== Segment start ==

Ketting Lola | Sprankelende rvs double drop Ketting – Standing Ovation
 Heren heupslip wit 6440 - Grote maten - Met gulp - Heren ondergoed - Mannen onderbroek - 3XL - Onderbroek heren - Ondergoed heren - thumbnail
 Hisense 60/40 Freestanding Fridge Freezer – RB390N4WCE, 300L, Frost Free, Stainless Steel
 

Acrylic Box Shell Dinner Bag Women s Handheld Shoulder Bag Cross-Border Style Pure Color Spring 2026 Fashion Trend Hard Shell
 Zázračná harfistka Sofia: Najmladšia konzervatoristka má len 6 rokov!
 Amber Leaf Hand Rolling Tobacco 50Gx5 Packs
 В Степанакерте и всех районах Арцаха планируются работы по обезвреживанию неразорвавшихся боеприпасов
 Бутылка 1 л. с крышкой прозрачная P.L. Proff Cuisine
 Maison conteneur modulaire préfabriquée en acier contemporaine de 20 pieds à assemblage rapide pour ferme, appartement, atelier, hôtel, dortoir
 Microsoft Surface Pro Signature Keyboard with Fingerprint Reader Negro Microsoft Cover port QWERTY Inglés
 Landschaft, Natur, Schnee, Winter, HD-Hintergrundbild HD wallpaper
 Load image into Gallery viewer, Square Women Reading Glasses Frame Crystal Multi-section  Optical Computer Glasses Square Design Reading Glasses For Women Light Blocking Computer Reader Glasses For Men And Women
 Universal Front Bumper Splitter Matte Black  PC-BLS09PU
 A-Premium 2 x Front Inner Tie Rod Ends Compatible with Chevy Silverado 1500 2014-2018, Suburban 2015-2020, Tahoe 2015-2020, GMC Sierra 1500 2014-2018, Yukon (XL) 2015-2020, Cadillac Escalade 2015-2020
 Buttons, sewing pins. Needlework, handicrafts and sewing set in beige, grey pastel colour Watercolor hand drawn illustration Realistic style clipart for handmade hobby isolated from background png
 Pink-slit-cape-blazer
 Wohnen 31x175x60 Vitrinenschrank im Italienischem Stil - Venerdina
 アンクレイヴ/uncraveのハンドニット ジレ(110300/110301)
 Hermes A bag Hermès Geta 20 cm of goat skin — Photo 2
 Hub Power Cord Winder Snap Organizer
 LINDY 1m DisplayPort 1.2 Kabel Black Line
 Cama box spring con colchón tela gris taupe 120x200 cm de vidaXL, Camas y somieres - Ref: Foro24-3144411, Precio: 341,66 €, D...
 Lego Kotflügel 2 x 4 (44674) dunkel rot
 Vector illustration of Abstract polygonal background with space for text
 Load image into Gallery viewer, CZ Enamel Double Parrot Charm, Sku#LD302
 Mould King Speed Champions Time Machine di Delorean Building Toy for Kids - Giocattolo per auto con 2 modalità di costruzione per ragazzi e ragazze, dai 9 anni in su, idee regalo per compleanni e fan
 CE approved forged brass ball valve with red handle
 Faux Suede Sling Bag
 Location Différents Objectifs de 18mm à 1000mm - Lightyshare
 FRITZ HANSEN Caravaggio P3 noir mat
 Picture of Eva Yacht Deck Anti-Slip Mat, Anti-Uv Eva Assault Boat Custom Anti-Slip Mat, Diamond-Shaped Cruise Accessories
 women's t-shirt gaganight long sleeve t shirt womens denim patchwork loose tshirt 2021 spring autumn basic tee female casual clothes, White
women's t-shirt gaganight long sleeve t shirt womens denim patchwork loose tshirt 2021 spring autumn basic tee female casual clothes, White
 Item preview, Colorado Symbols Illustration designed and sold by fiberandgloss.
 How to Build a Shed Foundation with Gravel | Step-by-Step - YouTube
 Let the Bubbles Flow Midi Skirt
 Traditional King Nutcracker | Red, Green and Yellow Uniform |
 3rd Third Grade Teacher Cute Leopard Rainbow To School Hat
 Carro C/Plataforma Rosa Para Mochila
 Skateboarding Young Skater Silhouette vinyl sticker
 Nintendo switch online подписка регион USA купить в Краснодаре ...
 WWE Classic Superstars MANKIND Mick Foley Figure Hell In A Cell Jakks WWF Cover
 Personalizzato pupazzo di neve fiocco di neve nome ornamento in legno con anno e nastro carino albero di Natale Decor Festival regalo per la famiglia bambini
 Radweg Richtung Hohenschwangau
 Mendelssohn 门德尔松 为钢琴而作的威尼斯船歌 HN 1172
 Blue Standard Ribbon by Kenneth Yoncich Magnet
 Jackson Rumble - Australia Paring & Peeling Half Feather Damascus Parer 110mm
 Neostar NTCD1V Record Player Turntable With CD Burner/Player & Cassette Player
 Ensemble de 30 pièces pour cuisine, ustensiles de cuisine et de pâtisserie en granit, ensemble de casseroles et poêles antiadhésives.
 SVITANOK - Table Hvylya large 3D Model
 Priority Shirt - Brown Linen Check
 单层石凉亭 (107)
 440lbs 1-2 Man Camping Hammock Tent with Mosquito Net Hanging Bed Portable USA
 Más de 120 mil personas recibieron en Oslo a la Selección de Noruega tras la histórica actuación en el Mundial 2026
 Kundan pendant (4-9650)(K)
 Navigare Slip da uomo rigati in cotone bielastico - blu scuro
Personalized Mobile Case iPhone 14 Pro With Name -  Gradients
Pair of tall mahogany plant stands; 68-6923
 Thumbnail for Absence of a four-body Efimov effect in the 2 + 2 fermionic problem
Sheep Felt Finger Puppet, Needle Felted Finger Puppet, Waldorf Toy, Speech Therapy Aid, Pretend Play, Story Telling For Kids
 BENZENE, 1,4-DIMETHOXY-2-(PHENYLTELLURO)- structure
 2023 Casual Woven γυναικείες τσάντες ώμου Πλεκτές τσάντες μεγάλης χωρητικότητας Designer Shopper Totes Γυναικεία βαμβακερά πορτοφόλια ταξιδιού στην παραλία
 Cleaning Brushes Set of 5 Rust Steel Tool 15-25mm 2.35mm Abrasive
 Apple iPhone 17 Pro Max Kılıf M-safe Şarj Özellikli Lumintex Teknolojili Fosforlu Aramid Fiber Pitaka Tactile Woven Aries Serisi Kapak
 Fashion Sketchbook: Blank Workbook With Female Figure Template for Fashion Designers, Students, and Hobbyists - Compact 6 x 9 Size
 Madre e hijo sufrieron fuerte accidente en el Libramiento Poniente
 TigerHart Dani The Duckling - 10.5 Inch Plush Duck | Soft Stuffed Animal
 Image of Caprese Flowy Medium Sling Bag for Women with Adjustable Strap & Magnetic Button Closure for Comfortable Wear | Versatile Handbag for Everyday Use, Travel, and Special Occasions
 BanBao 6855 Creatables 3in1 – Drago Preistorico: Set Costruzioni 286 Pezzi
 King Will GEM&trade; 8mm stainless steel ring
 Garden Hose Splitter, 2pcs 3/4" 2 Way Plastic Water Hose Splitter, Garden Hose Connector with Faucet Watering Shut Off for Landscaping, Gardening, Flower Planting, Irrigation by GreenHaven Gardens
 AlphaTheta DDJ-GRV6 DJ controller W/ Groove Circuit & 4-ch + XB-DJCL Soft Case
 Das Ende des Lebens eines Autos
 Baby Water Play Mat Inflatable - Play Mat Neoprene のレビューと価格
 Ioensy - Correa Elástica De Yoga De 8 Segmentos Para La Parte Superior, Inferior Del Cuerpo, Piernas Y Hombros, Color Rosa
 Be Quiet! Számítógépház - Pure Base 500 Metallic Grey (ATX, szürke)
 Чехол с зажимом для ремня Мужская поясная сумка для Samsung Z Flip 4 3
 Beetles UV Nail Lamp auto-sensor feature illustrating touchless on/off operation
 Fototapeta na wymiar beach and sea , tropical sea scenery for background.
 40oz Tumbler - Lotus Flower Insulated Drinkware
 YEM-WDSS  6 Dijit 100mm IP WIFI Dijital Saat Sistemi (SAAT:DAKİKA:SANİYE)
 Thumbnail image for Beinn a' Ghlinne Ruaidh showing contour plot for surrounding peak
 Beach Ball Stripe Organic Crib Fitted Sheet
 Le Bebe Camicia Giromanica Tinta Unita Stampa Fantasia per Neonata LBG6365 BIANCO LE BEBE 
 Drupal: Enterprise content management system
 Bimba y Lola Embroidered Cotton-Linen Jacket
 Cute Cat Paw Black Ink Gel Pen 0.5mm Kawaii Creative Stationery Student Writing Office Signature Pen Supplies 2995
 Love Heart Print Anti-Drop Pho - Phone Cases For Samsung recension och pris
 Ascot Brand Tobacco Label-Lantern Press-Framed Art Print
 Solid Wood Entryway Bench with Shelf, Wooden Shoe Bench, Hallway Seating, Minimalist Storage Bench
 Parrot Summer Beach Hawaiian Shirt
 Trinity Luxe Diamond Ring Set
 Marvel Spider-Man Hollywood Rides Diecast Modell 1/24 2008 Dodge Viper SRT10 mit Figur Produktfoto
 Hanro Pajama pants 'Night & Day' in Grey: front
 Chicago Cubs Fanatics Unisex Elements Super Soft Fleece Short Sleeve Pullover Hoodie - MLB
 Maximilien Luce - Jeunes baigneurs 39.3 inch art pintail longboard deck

== Segment end ==

- _Your instructions_
Starting with the line with "Cleaning Brushes Set" above and going on through the line with "Apple iPhone 17", transcribe every line exactly, both ends included, and add nothing.

- _The answer_
 Cleaning Brushes Set of 5 Rust Steel Tool 15-25mm 2.35mm Abrasive
 Apple iPhone 17 Pro Max Kılıf M-safe Şarj Özellikli Lumintex Teknolojili Fosforlu Aramid Fiber Pitaka Tactile Woven Aries Serisi Kapak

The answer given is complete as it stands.